Déclarez un type TJETON (structure) avec trois champss :
  1. Un flottant nombre pour coder un réel.
  2. Un caractère op pour coder un opérateur binaire parmi \(\{+,-,\times,/\}\) ou l'opérateur unaire \(\underline{\ \ }\) codant le changement de signe.
  3. Un type énuméré type pour coder le type du jeton (opérateur unaire, opérateur binaire, nombre). Selon le type d'un jeton, seul l'un de ses deux champs nombre ou op sera utilisé.
Déclarez un type TCELL pour coder une cellule d'une liste chaînée et un type TLISTE pointant vers un TCELL pour désigner une liste chaînée.

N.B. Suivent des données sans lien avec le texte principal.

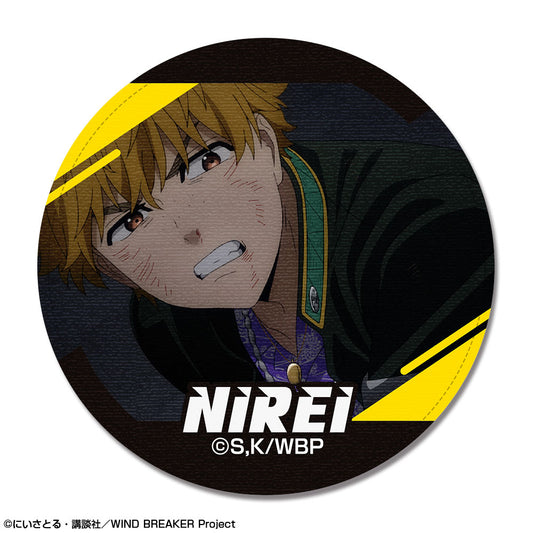 《防風少年》_皮質徽章 設計07(楡井秋彥/B)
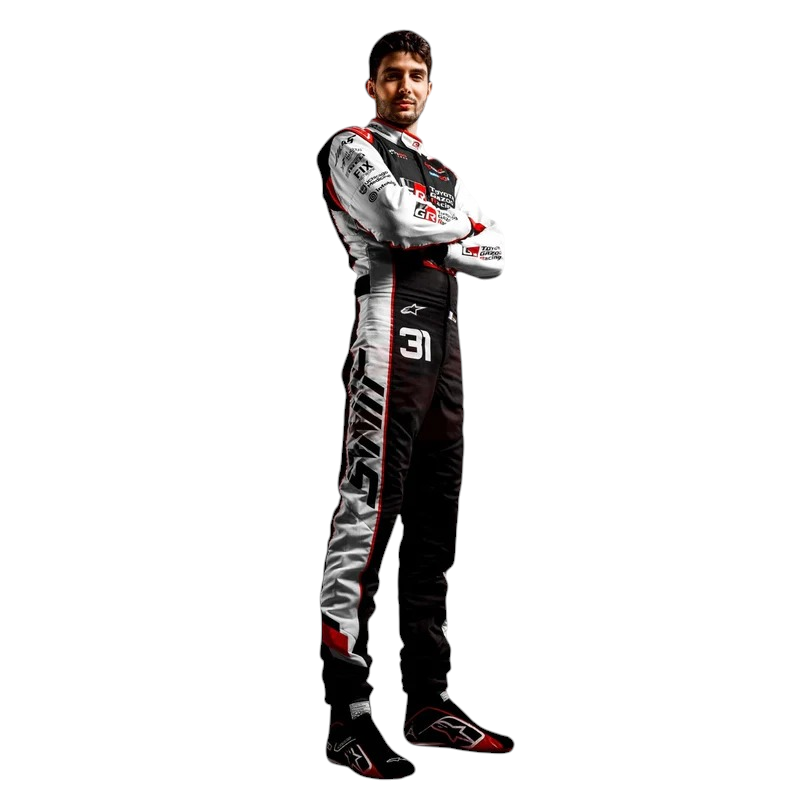 2026 Esteban Ocon F1 Racing Suit 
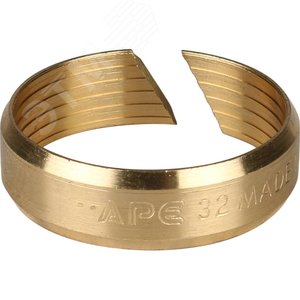 Переходник с наружной резьбой 1'х32 для металлопластиковых труб винтовой - фото 10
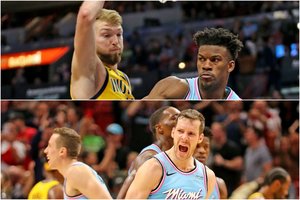 „Pacers“ su D. Saboniu Majamyje pražudė slovėno dvitaškis paskutinėmis sekundėmis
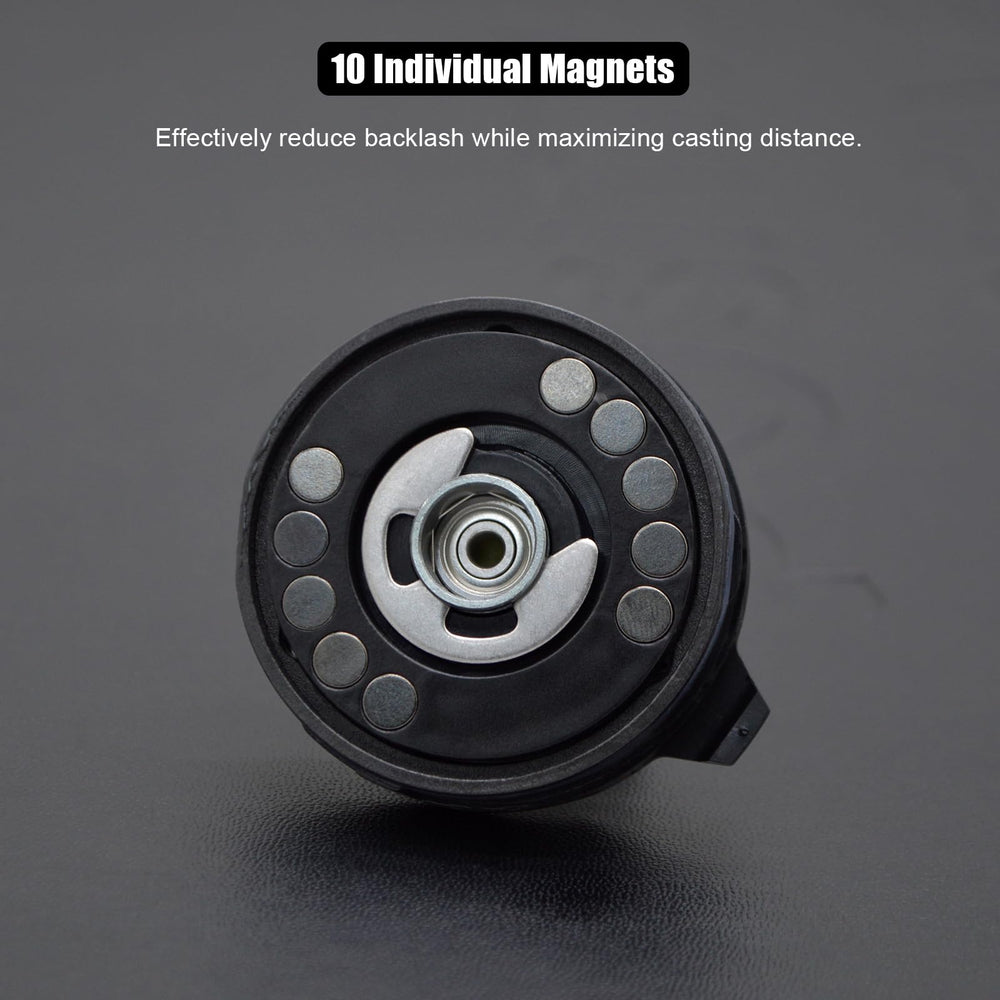 Magnetic braking system on Carbon 300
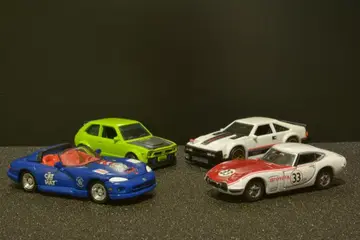 조니 라이트닝 다지 바이퍼 외 3대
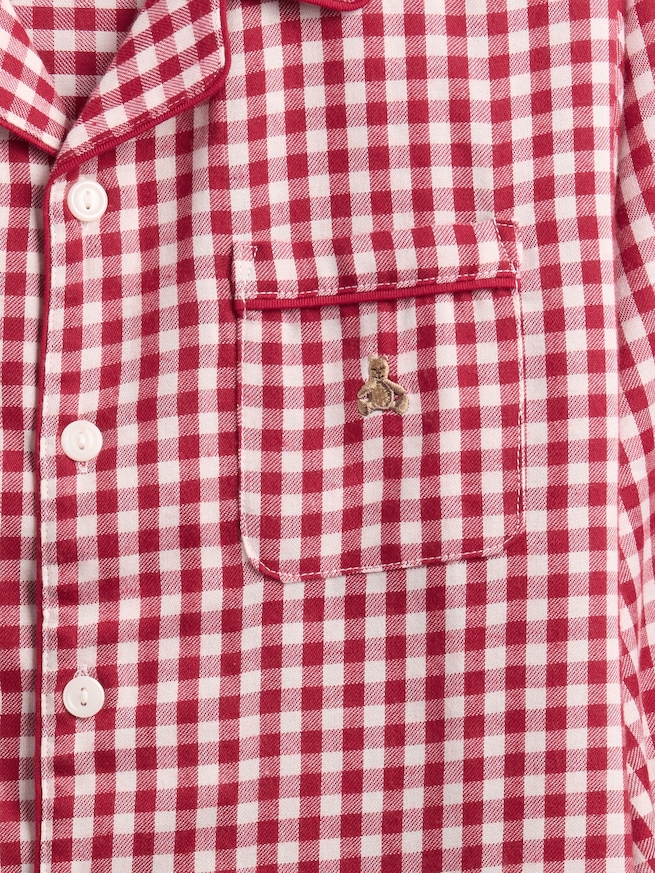 リサイクル フランネル パジャマセット (キッズ)-4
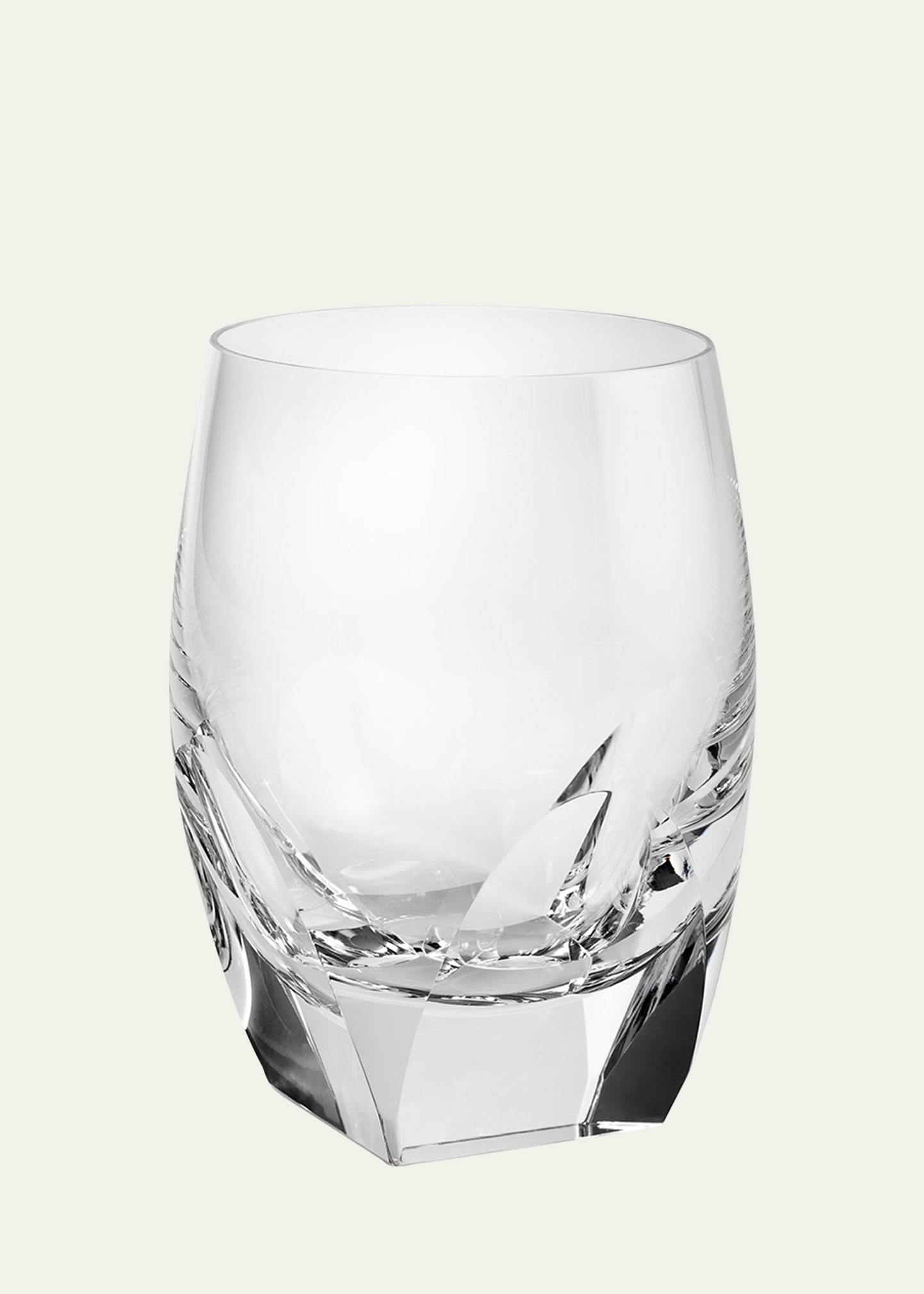 Moser Highball Crystal Glass In Transparent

Écrivez la fonction TJETON Chaine2Jeton(char *chaine) qui convertit une chaîne en jeton et la fonction TEXPR Arg2Expr(char *arguments[], int n) qui convertit le tableau d'arguments en tableau de jetons.
Écrivez la fonction TPILE Empiler(TPILE pile, float nombre) qui empile le nombre en paramètre au sommet de la pile et renvoie cette nouvelle pile. CÉcrivez la fonction TPILE Depiler(TPILE pile, float *nombre) qui récupère le nombre au sommet de la pile, élimine la cellule correspondante en libérant l'espace mémoire et renvoie la pile ainsi mise à jour. Le nombre est récupéré par le passage par adresse.
Écrivez la fonction void AfficherPile(TPILE pile) qui affiche le contenu de la pile (horizontalement) sur le terminal (cela vous sera utile pour vérifier votre programme).
Écrivez la fonction float Operer(float x, float y, char op) qui renvoie le résultat de l'opération (x op y) si op est un opérateur binaire (addition +, soustraction −, multiplication ×, division /) et (op x) s'il s'agit d'un opérateur unaire (changement de signe >_ ).
Écrivez la fonction float Evaluer(TEXPR expr, uint n) qui evalue l'expression passée en paramètre (n est la taille de cette expression) et renvoie le résultat de l'évaluation.